Nahúm Palacios Arteaga, 36, the news director for television channel Canal 5 in Aguán and host of a news programme on Radio Tocoa, was shot dead on Sunday 14 March in Tocoa, Colón, in northern Honduras, local media reported. Another person travelling in the car with him was severely wounded, and a cameraman riding in the back was grazed by a bullet, Honduran daily newspaper El Tiempo reported. According to the Associated Press the car was riddled with 42 bullet holes.
In a statement sent to the International Press Institute (IPI), President of the Inter American Press Association (IAPA), Alejandro Aguirre, (also editor of Spanish-language newspaper Diario Las Américas – based in Miami, Florida) said: “There can be no doubt that we face one of the most tragic moments in the history of the Latin American press.”
Robert Rivard, chairman of the IAPA Committee on Freedom of the Press and Information, added: “There is tremendous frustration with the high level of violence, among all the human rights and press freedom defense organisations.”
According to the Honduran daily newspaper, El Heraldo, Palacios was killed instantly but his body was found dead in the street, whilst his two killers fled the scene. IAPA reported that Palacios had received death threats in the weeks leading up to his death.

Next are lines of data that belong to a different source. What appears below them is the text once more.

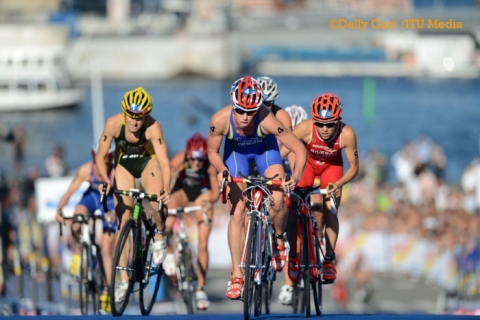 2012 Highlights: Year of the sprint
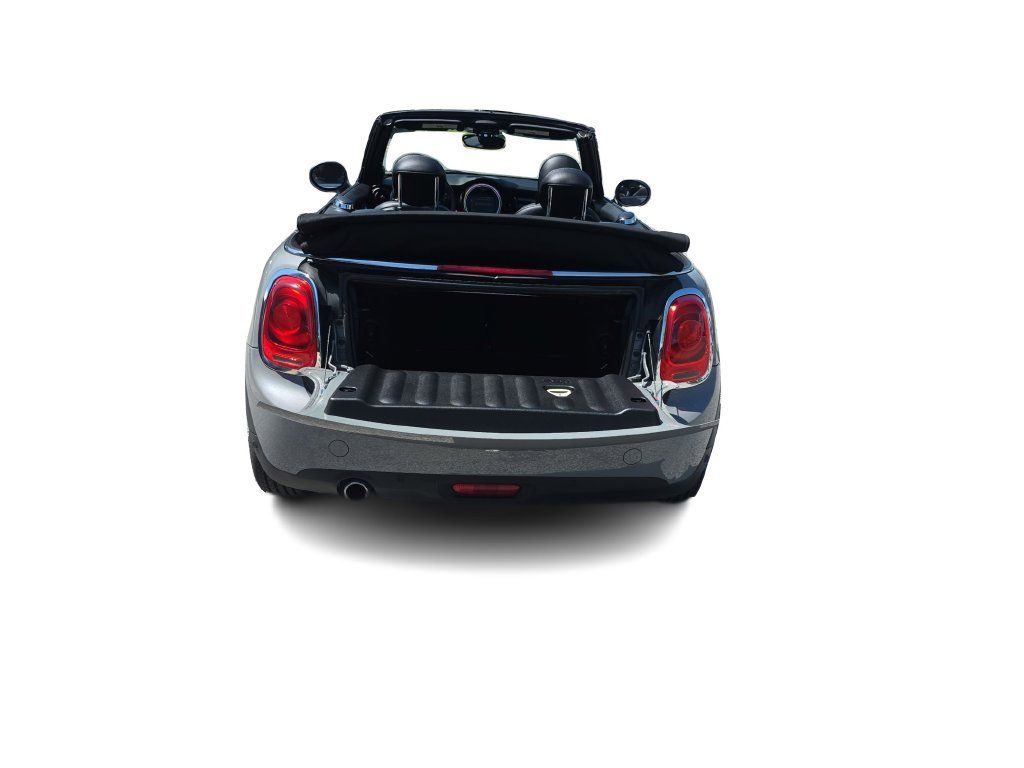 Used 2018 MINI Cooper Convertible FWD image 11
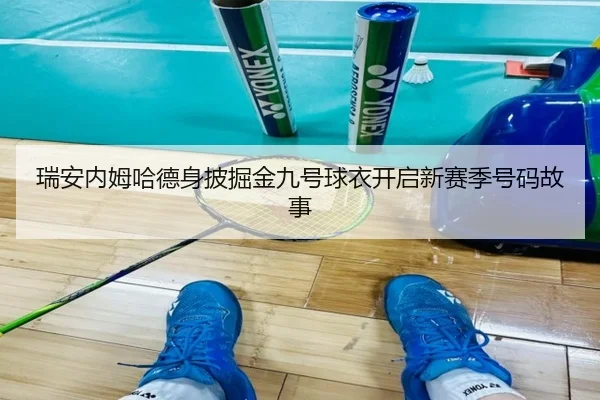 瑞安内姆哈德身披掘金九号球衣开启新赛季号码故事 | JBO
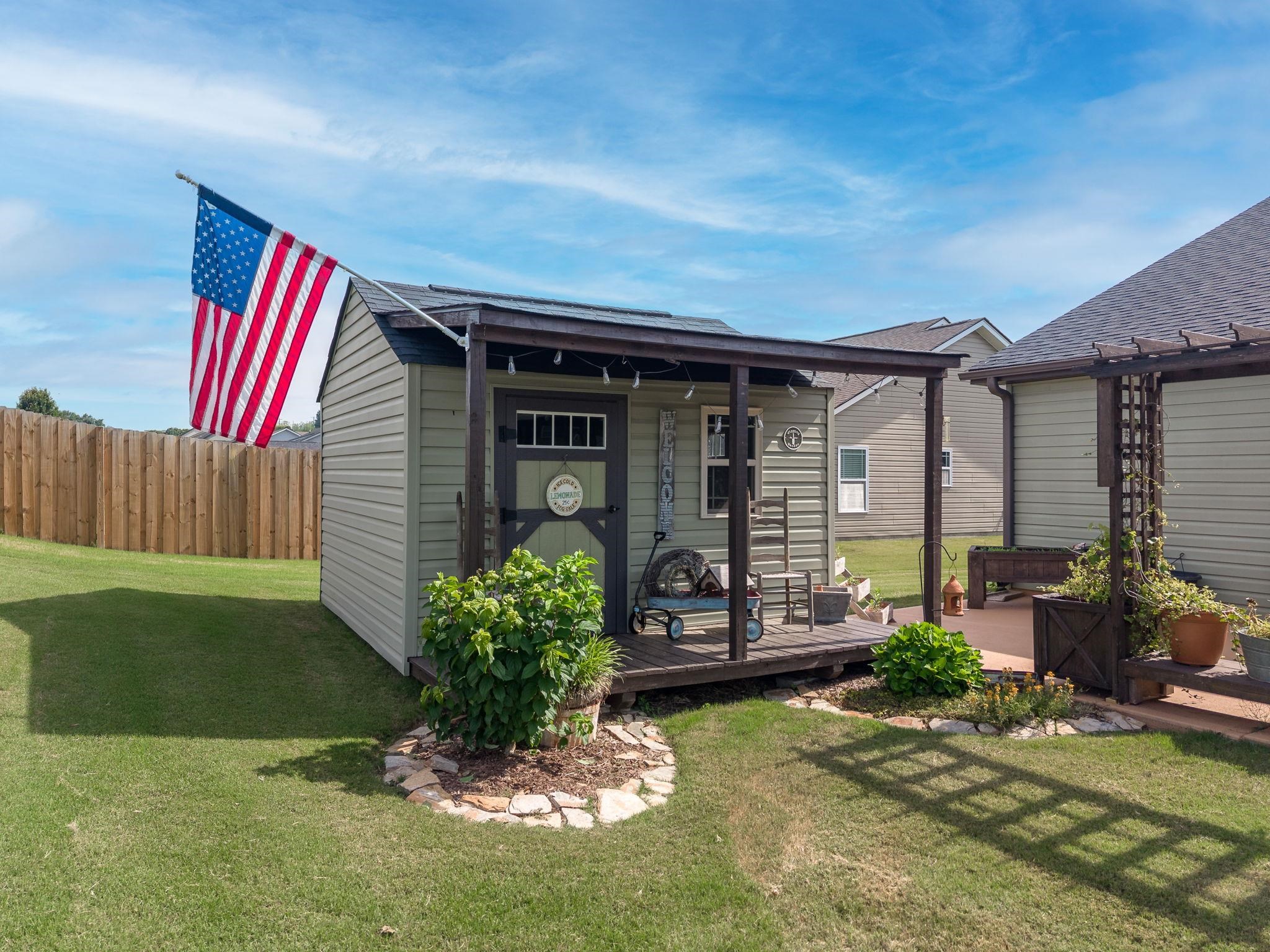 336 Meadowmoor Road Greer, SC 29651 - Photo 40 of 50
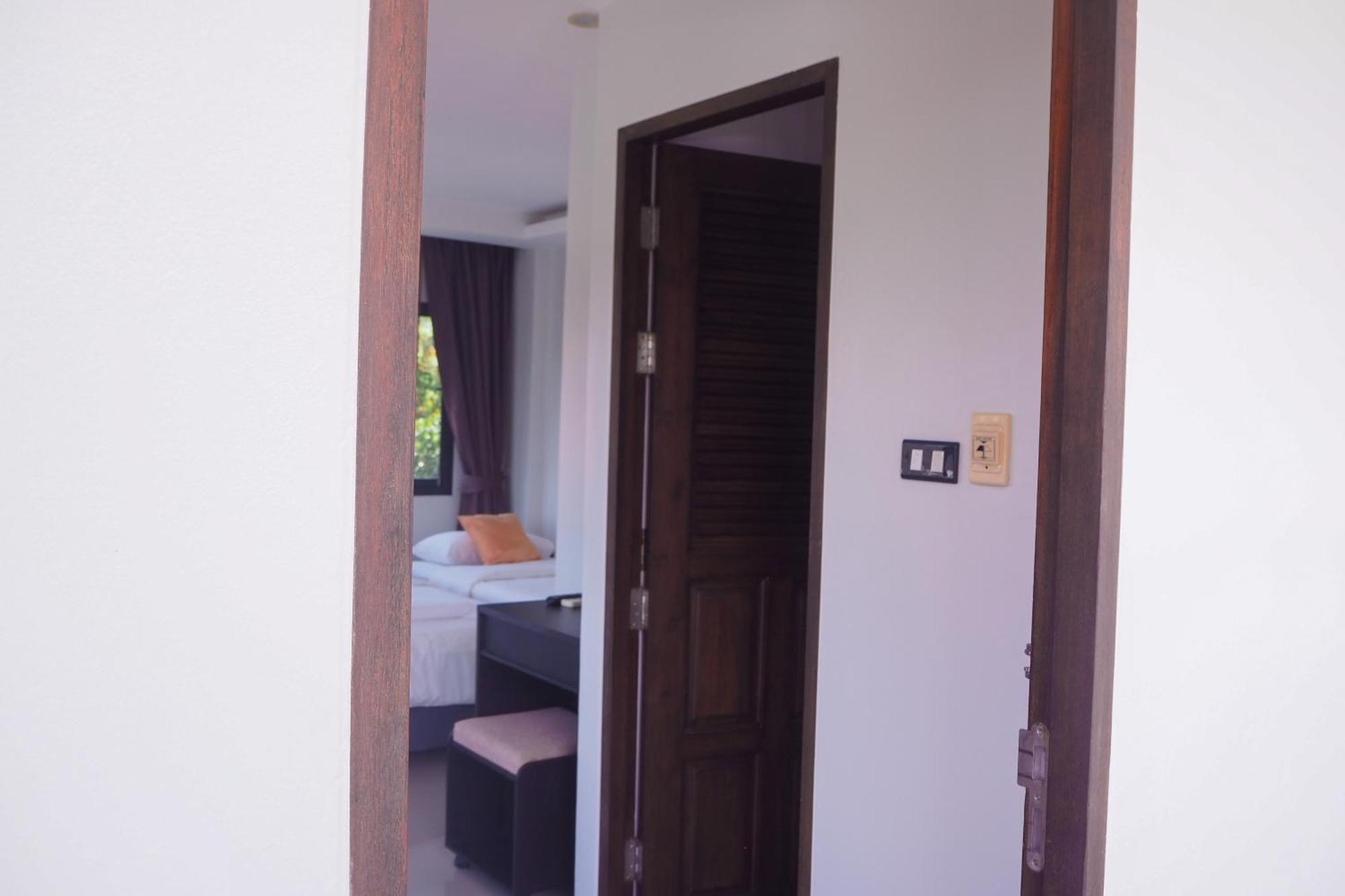 Rakkawan Residence Khao Lak Exterior photo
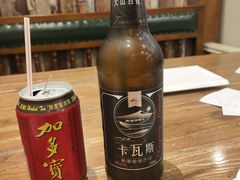 -清真·玛丽亚新疆菜主题餐厅(浙江中路店)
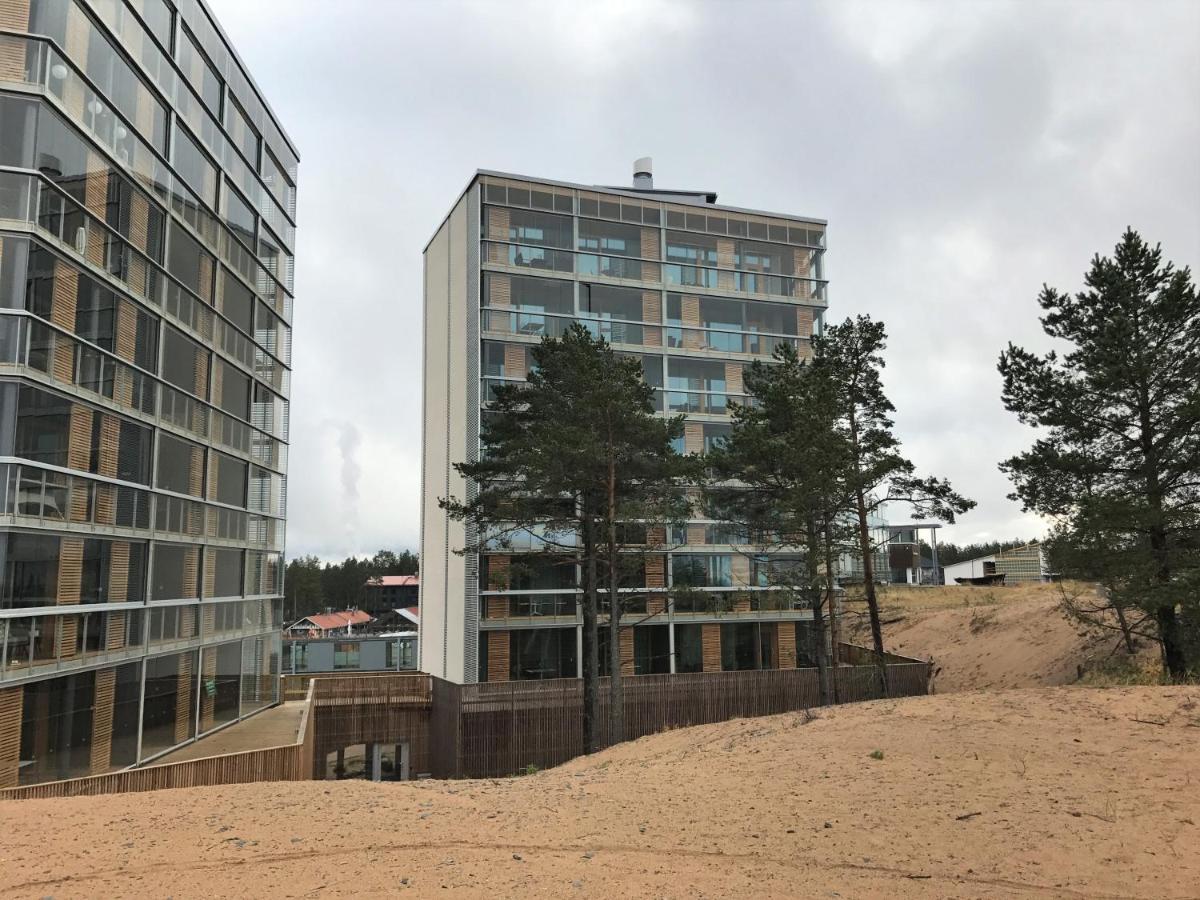 Herrain Hiekat Kalajoki Εξωτερικό φωτογραφία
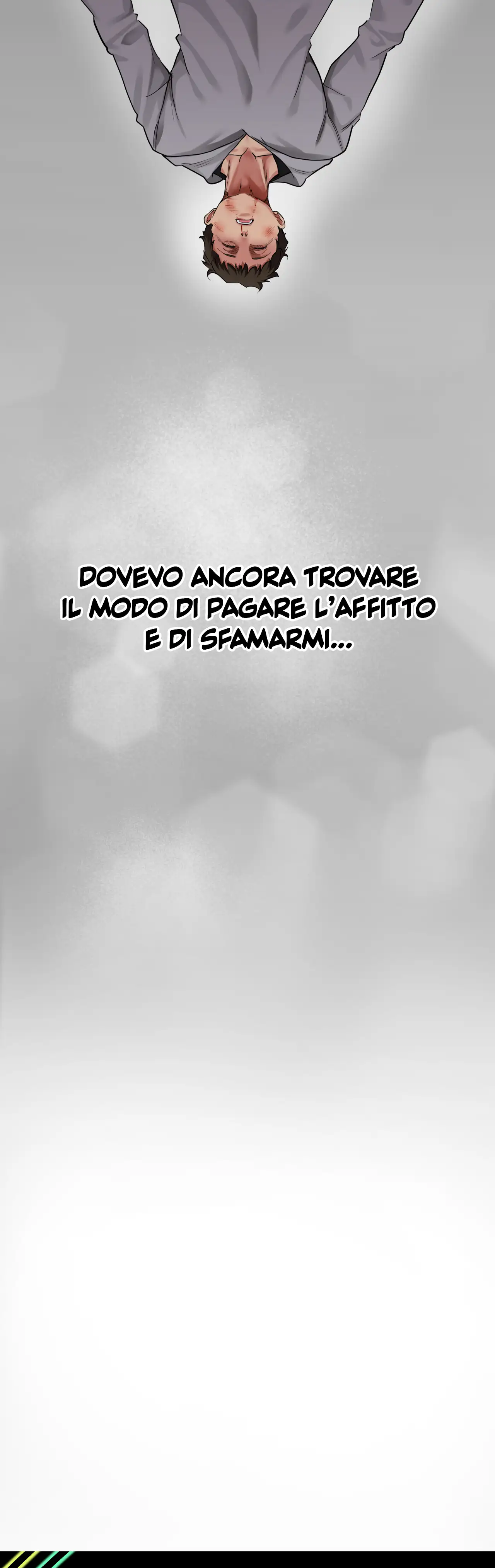 L'Anello del Potere - Episode 1 - read scene 9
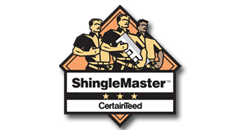 CertainTeed Shingle Master Certification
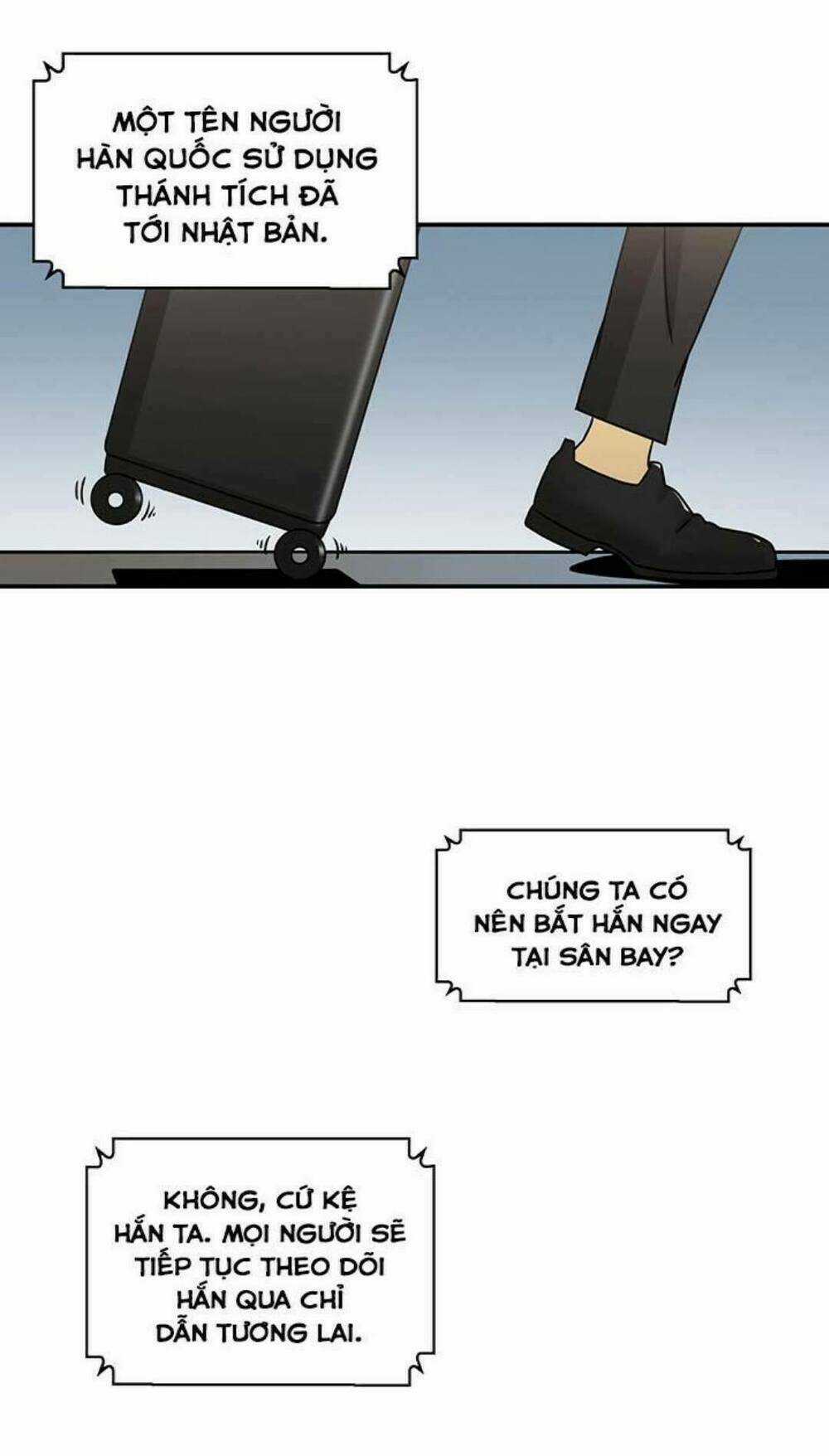 Vua Trộm Mộ Chapter 12 trang 25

“The International Press Institute is saddened by the murder of Nahúm Palacios Arteaga and sends its condolences to his family and colleagues,” said IPI Press Freedom Manager Anthony Mills. “He is the third journalist to be killed in the country in March alone and IPI is gravely concerned at the rising tide of deadly violence against journalists in Honduras. Journalists should be able to work free from the fear of assault or death. We urge the Honduran government to immediately investigate the murders, and prosecute those responsible.”
Palacios is the third journalist to be killed in Honduras this year. David Meza Montesinos, a reporter at radio station El Patio for more than 30 years, was shot and killed on 11 March while driving home in the northern Honduran coastal city of La Ceiba. Joseph Hernández Ochoa, 24, a journalism student at the University of Honduras and a former entertainment presenter on Canal 51 TV station, died while travelling with fellow journalist Karol Cabrera when their car was fired on 36 times by men in another vehicle on Monday, 1 March.
The Central American country has seen a steep increase in violence since the coup d’état in June 2009. According to IPI’s Death Watch figures, it is the second most dangerous place in the world for journalists so far this year, behind Mexico.